The New Global Security for Your Enterprise

Whether you’re a member of an organization’s C-suite, a business unit manager, or a security practitioner operating in today’s global economic environment, it’s become imperative to have a broad, comprehensive view of risks facing the enterprise to proactively protect people, information, and assets and to create value. Risks — such as a cyber breach, changing regulatory environments, terrorism, corruption, large-scale involuntary migration, or the spread of infectious diseases — might seem distant impacts for your facility or community.  Yet their tolls on global employees, supply chain, and customers might be monumental.

And what about your “global” view inside your enterprise? Are you ensuring that all risk partners engage across the enterprise to provide a collective, collaborative view of risk? Are you still mired in a fractured, functional approach where HR oversees background checks, audit looks after investigations, legal has responsibility for compliance, finance handles fraud, and “security” means guards and gates? And yet, none of these functions ever talks to each other?

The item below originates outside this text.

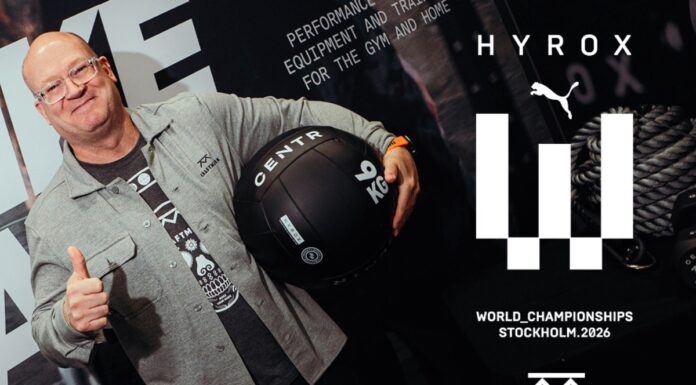 Kraftmark på plats under HYROX World Championships 2026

While risks facing global businesses today are accelerating in number and vigor, many business leaders and security professionals alike struggle to keep pace with effective risk management. The Global Security Risk Management Alliance (GSRMA) envisions changing that. We believe global security for the enterprise can no longer sit in a silo –organizationally or intellectually.  Our mission is simple: to provide an emerging and collective view for managing risks that threaten an enterprise. It’s a multi-faceted task:

  • An Enterprise Security Risk Management (ESRM) unified security framework for the governance and management of security-related risks must be in place. Reference various models cited in our recent study with the University of Connecticut: Security Governance: A Critical Component to Managing Security Risk.
  • Stakeholders, including the C-Suite, Board, and security team, need a dynamic, global vantage point for analyzing security-related risks and possible impacts.
  • The Chief Security Officer (CSO) and security team need to speak the language of business, manage risk instead of responding to events, and think vertically, horizontally, laterally, globally, and seamlessly. They must become better at defining their role and at times serve as catalysts in bringing together key players.
  • Effective methodologies that measure risk and the enterprise security risk maturity posture are critical to prevent wasting money, technology, or resources on solutions that aren’t really reducing risk. See GSRMA Co-founder Tim Williams’ piece on “Metrics and the Maturity Mindset.”
  • The next generation of security practitioners needs the framework and principles of ESRM embedded in its development.

At GSRMA, we want to work together to effect widespread adoption of unified security strategies and the systematic and practical application of ESRM risk principles.  We want to engage with you and keep the dialogue under way.

How do we organize or best govern to suit varied industries, cultures, geographies, business models, etc.? How does “security” collaborate more effectively with others across the enterprise? How do we better prepare the next generation of security practitioners and business leaders to embrace ESRM as fundamental to best business practices?

We look forward to exchanging ideas with you.